The idea is to refloat the ship by creating more buoyancy than the weight of the ship plus the water it took on. To do this, crews are attaching giant steel boxes, called sponsons, to each of its sides, essentially welding a ship onto a ship.
As straightforward as the idea sounds, it’s more complicated than simply rotating the vessel, welding steel floaties to it and towing it away. When the Costa Concordia capsized, it became lodged on a steep, rocky slope with little keeping it from sinking further. To stabilize the ship, crews first tied it with four submarine anchor blocks fixed to the sea bottom between the coast and the center of the wreck.
Once the 15 port side sponsons are welded on, crews plan to roll the ship upright onto a “false bottom,” comprising six massive underwater steel platforms, which currently are being installed into the seabed. Rotating the ship is called parbuckling, a process that has lent itself to the salvage’s official name: The Parbuckling Project. With the ship upright, 15 starboard side sponsons will be attached. After all the sponsons are emptied of their ballast, the ship is expected to be floated away to an Italian port to be scrapped.
In other situations, cutting up the ship in place or blowing it up could be an appropriate solution; however, the Costa Concordia is semi-submerged precariously in a national marine park. Thus, it’s the project’s top priority to protect the environment and the whole east coast of Giglio Island, a popular tourist destination.

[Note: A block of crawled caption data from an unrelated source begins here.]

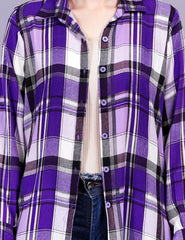 Check Cotton Purple Color Shrug - Sufiza Lifestyle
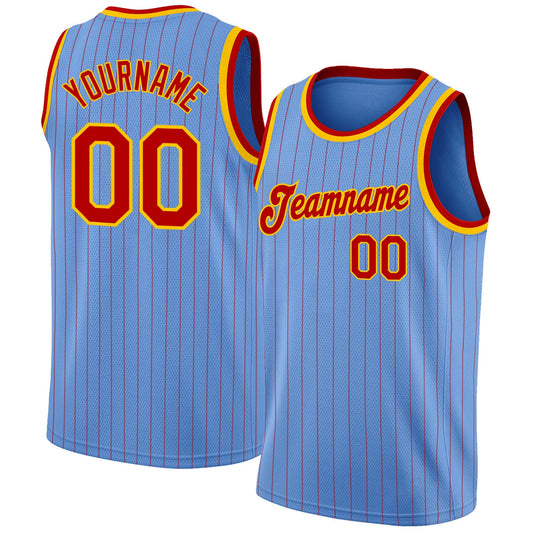 Custom Light Blue Red Pinstripe Red-Gold Authentic Basketball Jersey - Sky-Custom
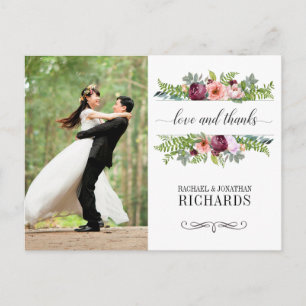 Fantasy Floral Wedding Photo Thank You Postcard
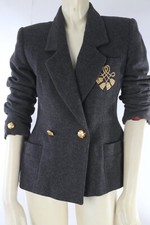 Vintage 80s Anne Klein Gray Wool Fitted Blazer Tassel Embroidery Women Size 2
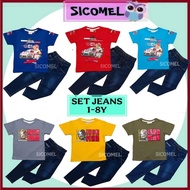[1-8Y] Baju Jalan Budak Lelaki Set Tshirt Jeans Kanak2 Raya 2025 Longjeans Kids Boy Fashion Pakaian 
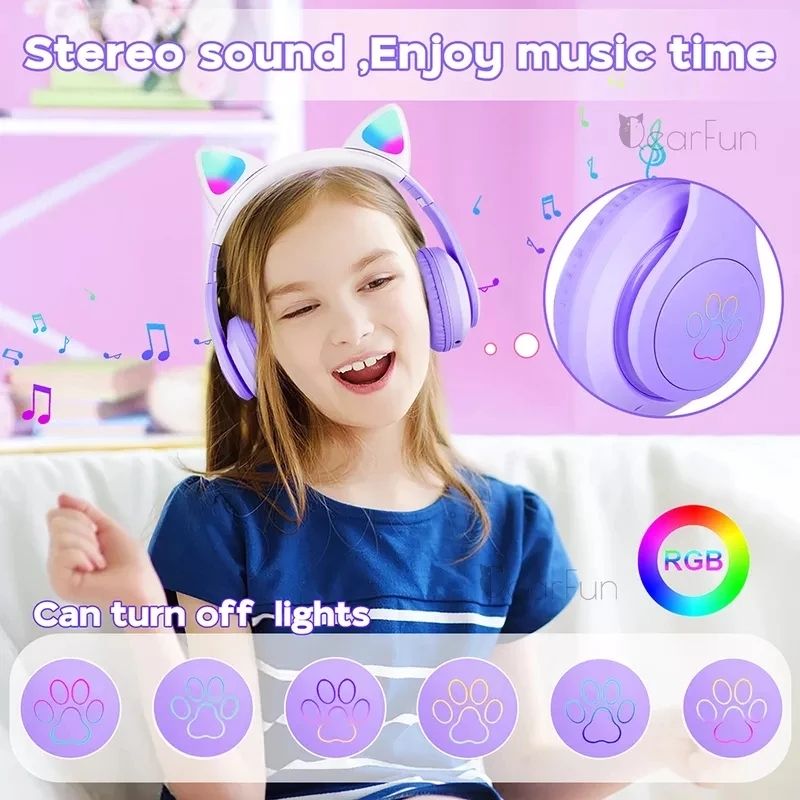 LED Light Gradient Cute Cat Ear Bluetooth Headphones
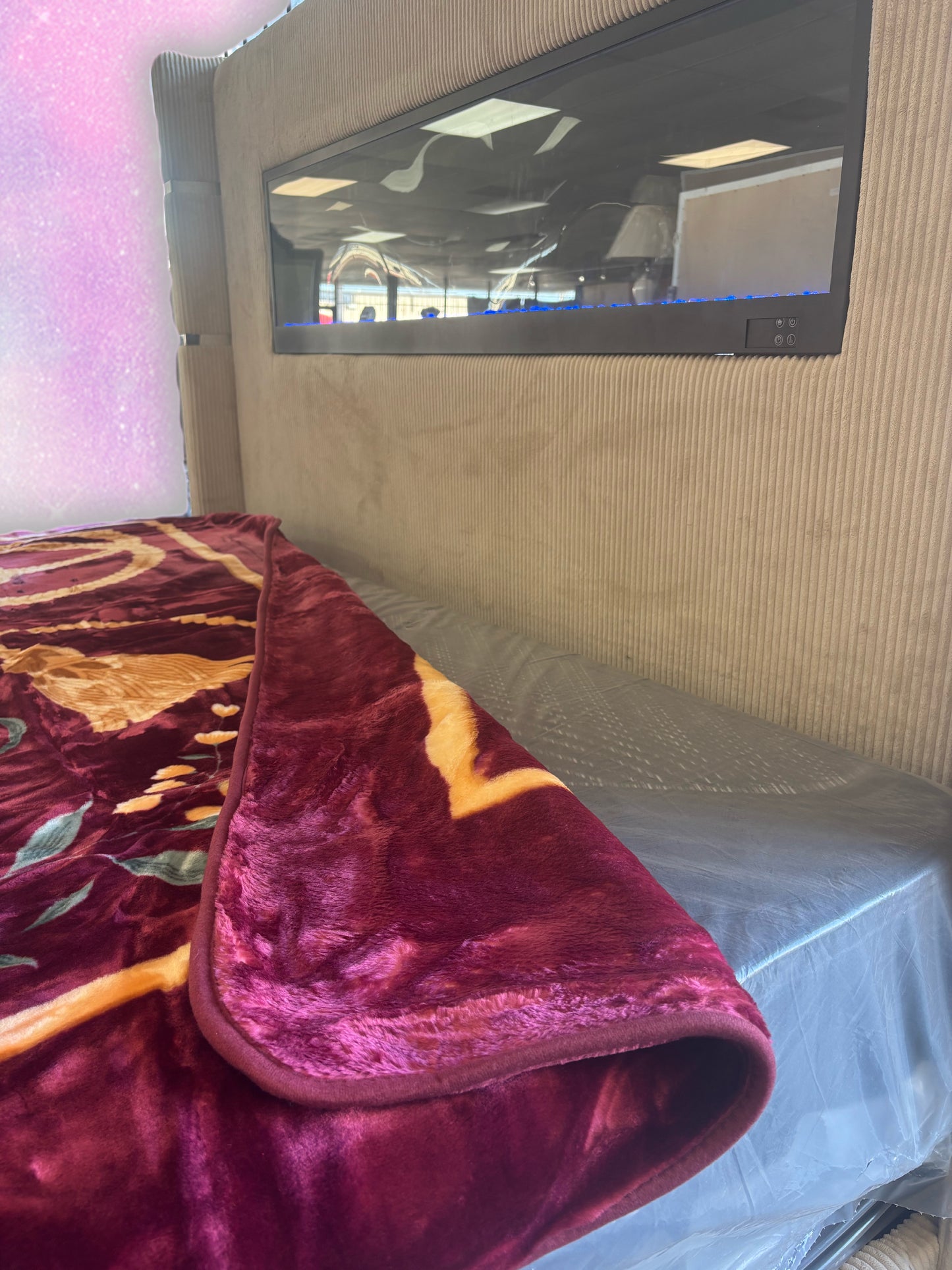 BM269 Solaron Blanket Korean Mink - Flowers & Tassels Maroon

The engineering, equipment and expertise involved are unprecedented in scale and scope, drawing on a consortium of companies from 18 countries. Nearly 500 personnel are on-site day and night, working from 27 different vessels, including the floating barracks ASV Pioneer, where workers sleep. As one can imagine, the salvage is not cheap—the estimated budget gravitates toward the $400 million mark. Despite the cost and circumstances, the disaster has made for impressive solutions not the least of which have pushed the boundaries of extreme metal fabrication.

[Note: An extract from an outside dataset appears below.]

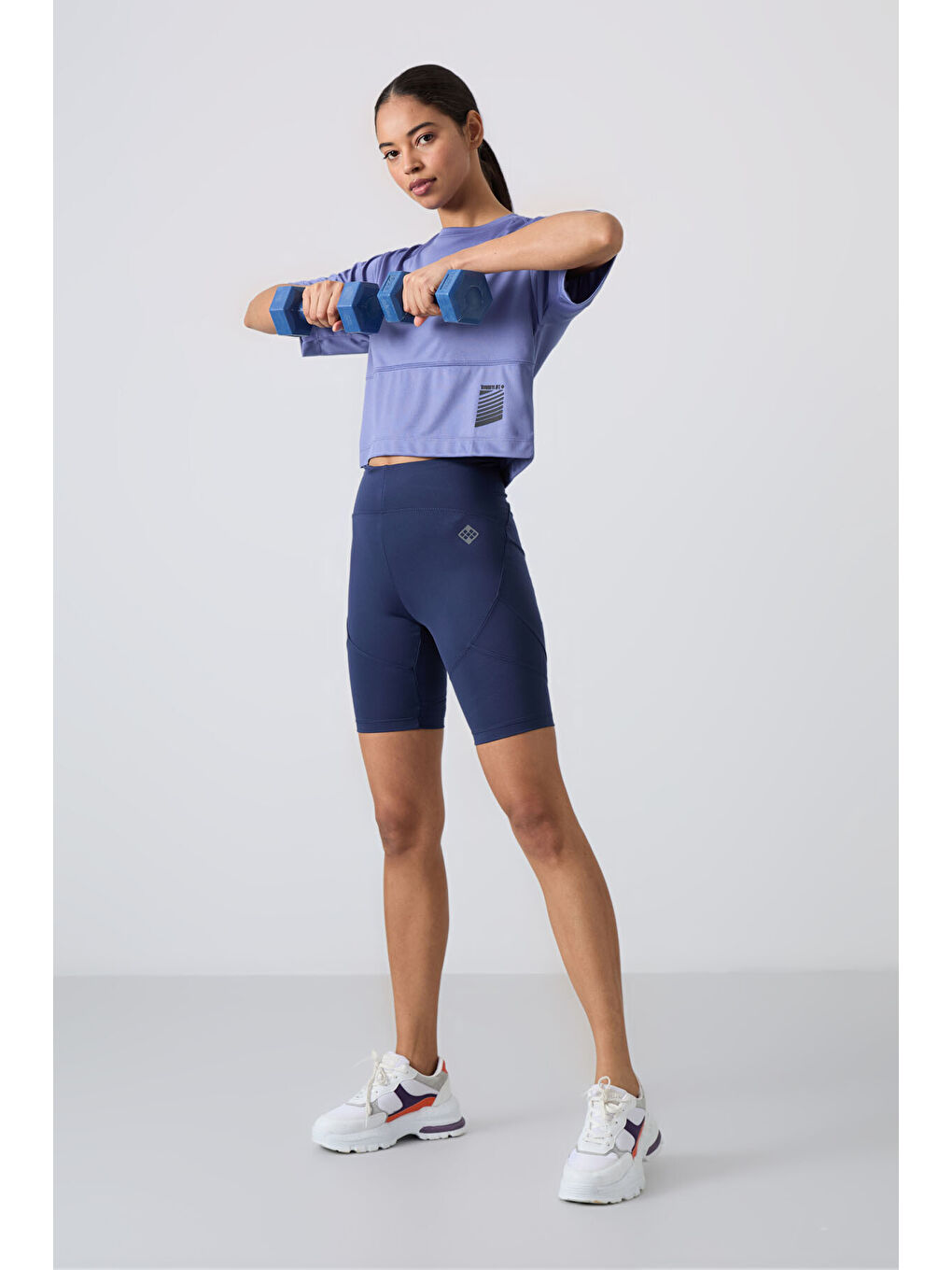 Mor Nefes Alan Dokulu İnce Oversize Fit Performans Kadın Tişört - 97284-2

Managing the salvage removal is Titan Salvage, a Pompano Beach, Fla.-based juggernaut in the marine salvage field. Titan was one of several international salvage outfits bidding for the job. The firm has partnered with Micoperi, an Italian marine contractor specializing in underwater construction and engineering.
After Titan/Micoperi stabilized the ship, crews welded 12 retaining turrets to the hull. Strand jacks mounted on the turrets are attached to chains, two per turret, that pass under the hull and are connected to the port side of the ship. This holdback system will balance the ship during the parbuckling later this summer.
Next, crews prepared the false bottom that the ship will rest on after parbuckling. To do this, divers positioned grout bags between the two spurs of rock upon which the ship is lodged, then injected the bags with an eco-friendly cement. This effectively leveled the seabed at the base of the steel support platforms.
Because of the size of the six platforms, steel fabrication has been split among three different locations in Italy. When each is complete, it is shipped by barge to the wreck site. The largest, platform No. 1, weighs about 1,100 tons. The towering structure resembles an upper deck section of a baseball stadium without the seats. At 72 ft. tall, its platform base measures 131 ft. by 108 ft. It’s supported by five, 2 m diameter pillars sunk to the granite seabed.
Platforms No. 1 and 2 were built in Ravenna, on Italy’s east coast, about 950 miles from Giglio Island. The trip by barge takes about eight days, as the journey rounds Italy’s “boot,” then north to the site. Platform No. 3 is being fabricated in San Giorgio di Nogaro in the northwest, 970 miles away—a two-week trip. The rest were fabricated in Livorno, on the west coast, only 90 miles north of the wreck. (As this article was being written, platform No. 1 and three smaller ones near the stern had been installed.)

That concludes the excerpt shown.